Woah, 'Strange Paradise' is a bit of an odd one to get slightly obsessed with but, I'm afraid, it has me in its wobbly clutches. A daily, live soap opera produced in Canada (part of the Commonwealth, so technically within The Island's remit) the show ran between October 1969 and January 1970.

Designed as a rival to the hugely successful US gothic soap 'Dark Shadows' (1,000 episodes and a film), it never really captured the public imagination in the same way but is its equal in its unholy mix of banal soap opera and horror. The actors are poor and quite often struggle with their lines, the scripts are alternately boring and outrageous, the locations limited (many episodes simply cut back and forth between two sets) and, best of all, it occasionally tries to be hip and happening with highly amusing results. But it's strangely compelling, like watching an amateur production of Lovecraft with all the atmosphere and tentacles taken out. Despite only being on air for four months, there's 185 episodes of this, and three distinct story arcs and casts. 

As a flavour, here's a synopsis of the mind boggling first episode: Jean-Paul Desmond is the millionaire owner of a tropical island called Maljardin. His beloved wife Erica has just died suddenly.

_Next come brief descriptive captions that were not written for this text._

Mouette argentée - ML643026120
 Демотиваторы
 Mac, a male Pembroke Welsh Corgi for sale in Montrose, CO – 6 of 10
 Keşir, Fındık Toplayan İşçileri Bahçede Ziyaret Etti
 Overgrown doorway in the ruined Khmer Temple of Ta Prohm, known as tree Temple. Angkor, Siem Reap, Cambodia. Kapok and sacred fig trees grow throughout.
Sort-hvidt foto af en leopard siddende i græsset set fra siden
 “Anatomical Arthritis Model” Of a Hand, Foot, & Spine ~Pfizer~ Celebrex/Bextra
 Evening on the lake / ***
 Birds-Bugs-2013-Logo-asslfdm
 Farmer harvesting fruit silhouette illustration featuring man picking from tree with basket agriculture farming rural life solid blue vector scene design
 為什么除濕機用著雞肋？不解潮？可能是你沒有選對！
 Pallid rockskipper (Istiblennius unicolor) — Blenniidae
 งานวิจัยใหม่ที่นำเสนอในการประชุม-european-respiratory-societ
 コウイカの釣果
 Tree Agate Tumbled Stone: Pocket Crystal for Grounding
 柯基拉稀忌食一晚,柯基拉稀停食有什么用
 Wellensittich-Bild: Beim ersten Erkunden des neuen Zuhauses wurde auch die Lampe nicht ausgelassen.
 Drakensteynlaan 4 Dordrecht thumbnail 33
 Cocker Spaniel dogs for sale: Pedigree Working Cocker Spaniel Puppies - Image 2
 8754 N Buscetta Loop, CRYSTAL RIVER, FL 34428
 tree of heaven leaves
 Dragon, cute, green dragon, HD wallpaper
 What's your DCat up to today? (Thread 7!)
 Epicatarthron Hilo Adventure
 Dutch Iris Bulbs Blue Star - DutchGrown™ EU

Jean Paul cannot accept this, and decides to have her body cryonically frozen. In the front room of his mansion, Jean Paul is addressed by the portrait of his notorious ancestor, Jacques Eloi DesMondes. DesMondes (who is the spitting image of Jean-Paul, allowing the same actor to play him in flashbacks) offers to return life to Erica if Jean-Paul will help him to live again. To this end, Jean-Paul visits the family crypt, locates DesMonde's coffin, opens it, finds a a voodoo doll with a silver pin through its head, removes the pin and is promptly taken over by the malevolent DesMondes...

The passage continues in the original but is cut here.